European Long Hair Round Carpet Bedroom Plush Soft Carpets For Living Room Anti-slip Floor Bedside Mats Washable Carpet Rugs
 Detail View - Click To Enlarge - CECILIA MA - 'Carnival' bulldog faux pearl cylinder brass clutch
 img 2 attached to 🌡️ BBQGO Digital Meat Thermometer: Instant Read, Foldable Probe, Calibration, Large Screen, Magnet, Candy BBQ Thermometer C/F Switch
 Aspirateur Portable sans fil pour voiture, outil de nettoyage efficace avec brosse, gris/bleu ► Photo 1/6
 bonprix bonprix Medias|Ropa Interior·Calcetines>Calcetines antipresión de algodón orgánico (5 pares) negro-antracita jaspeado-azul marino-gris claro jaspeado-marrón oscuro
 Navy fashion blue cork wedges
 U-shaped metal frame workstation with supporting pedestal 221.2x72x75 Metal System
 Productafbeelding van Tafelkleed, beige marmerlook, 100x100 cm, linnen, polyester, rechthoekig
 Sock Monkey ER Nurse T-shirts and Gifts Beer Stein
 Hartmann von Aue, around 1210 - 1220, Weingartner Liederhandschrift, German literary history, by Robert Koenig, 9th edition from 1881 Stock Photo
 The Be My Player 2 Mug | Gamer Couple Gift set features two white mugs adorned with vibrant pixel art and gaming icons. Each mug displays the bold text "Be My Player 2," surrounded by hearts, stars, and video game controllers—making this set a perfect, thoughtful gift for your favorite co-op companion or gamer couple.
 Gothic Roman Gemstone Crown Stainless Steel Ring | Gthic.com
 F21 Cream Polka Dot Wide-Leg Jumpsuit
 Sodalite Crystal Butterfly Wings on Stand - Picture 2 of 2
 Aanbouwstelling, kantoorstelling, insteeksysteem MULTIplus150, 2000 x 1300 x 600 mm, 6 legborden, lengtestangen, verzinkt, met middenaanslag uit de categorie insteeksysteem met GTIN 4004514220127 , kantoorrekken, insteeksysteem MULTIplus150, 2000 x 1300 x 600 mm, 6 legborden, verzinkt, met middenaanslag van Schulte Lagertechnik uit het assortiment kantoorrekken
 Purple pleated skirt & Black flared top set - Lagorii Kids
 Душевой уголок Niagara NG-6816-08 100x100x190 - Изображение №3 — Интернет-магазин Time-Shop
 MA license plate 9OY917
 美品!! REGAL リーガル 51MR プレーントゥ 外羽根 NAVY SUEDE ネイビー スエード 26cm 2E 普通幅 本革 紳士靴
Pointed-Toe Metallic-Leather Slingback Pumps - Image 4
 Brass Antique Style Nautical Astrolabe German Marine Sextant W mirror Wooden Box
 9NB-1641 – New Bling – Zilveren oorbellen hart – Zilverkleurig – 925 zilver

:::

Assignment: From the first line of the data through the line with "Pointed-Toe Metallic-Leather Slingback", quote each line exactly and add nothing else.

Answer box:
European Long Hair Round Carpet Bedroom Plush Soft Carpets For Living Room Anti-slip Floor Bedside Mats Washable Carpet Rugs
 Detail View - Click To Enlarge - CECILIA MA - 'Carnival' bulldog faux pearl cylinder brass clutch
 img 2 attached to 🌡️ BBQGO Digital Meat Thermometer: Instant Read, Foldable Probe, Calibration, Large Screen, Magnet, Candy BBQ Thermometer C/F Switch
 Aspirateur Portable sans fil pour voiture, outil de nettoyage efficace avec brosse, gris/bleu ► Photo 1/6
 bonprix bonprix Medias|Ropa Interior·Calcetines>Calcetines antipresión de algodón orgánico (5 pares) negro-antracita jaspeado-azul marino-gris claro jaspeado-marrón oscuro
 Navy fashion blue cork wedges
 U-shaped metal frame workstation with supporting pedestal 221.2x72x75 Metal System
 Productafbeelding van Tafelkleed, beige marmerlook, 100x100 cm, linnen, polyester, rechthoekig
 Sock Monkey ER Nurse T-shirts and Gifts Beer Stein
 Hartmann von Aue, around 1210 - 1220, Weingartner Liederhandschrift, German literary history, by Robert Koenig, 9th edition from 1881 Stock Photo
 The Be My Player 2 Mug | Gamer Couple Gift set features two white mugs adorned with vibrant pixel art and gaming icons. Each mug displays the bold text "Be My Player 2," surrounded by hearts, stars, and video game controllers—making this set a perfect, thoughtful gift for your favorite co-op companion or gamer couple.
 Gothic Roman Gemstone Crown Stainless Steel Ring | Gthic.com
 F21 Cream Polka Dot Wide-Leg Jumpsuit
 Sodalite Crystal Butterfly Wings on Stand - Picture 2 of 2
 Aanbouwstelling, kantoorstelling, insteeksysteem MULTIplus150, 2000 x 1300 x 600 mm, 6 legborden, lengtestangen, verzinkt, met middenaanslag uit de categorie insteeksysteem met GTIN 4004514220127 , kantoorrekken, insteeksysteem MULTIplus150, 2000 x 1300 x 600 mm, 6 legborden, verzinkt, met middenaanslag van Schulte Lagertechnik uit het assortiment kantoorrekken
 Purple pleated skirt & Black flared top set - Lagorii Kids
 Душевой уголок Niagara NG-6816-08 100x100x190 - Изображение №3 — Интернет-магазин Time-Shop
 MA license plate 9OY917
 美品!! REGAL リーガル 51MR プレーントゥ 外羽根 NAVY SUEDE ネイビー スエード 26cm 2E 普通幅 本革 紳士靴
Pointed-Toe Metallic-Leather Slingback Pumps - Image 4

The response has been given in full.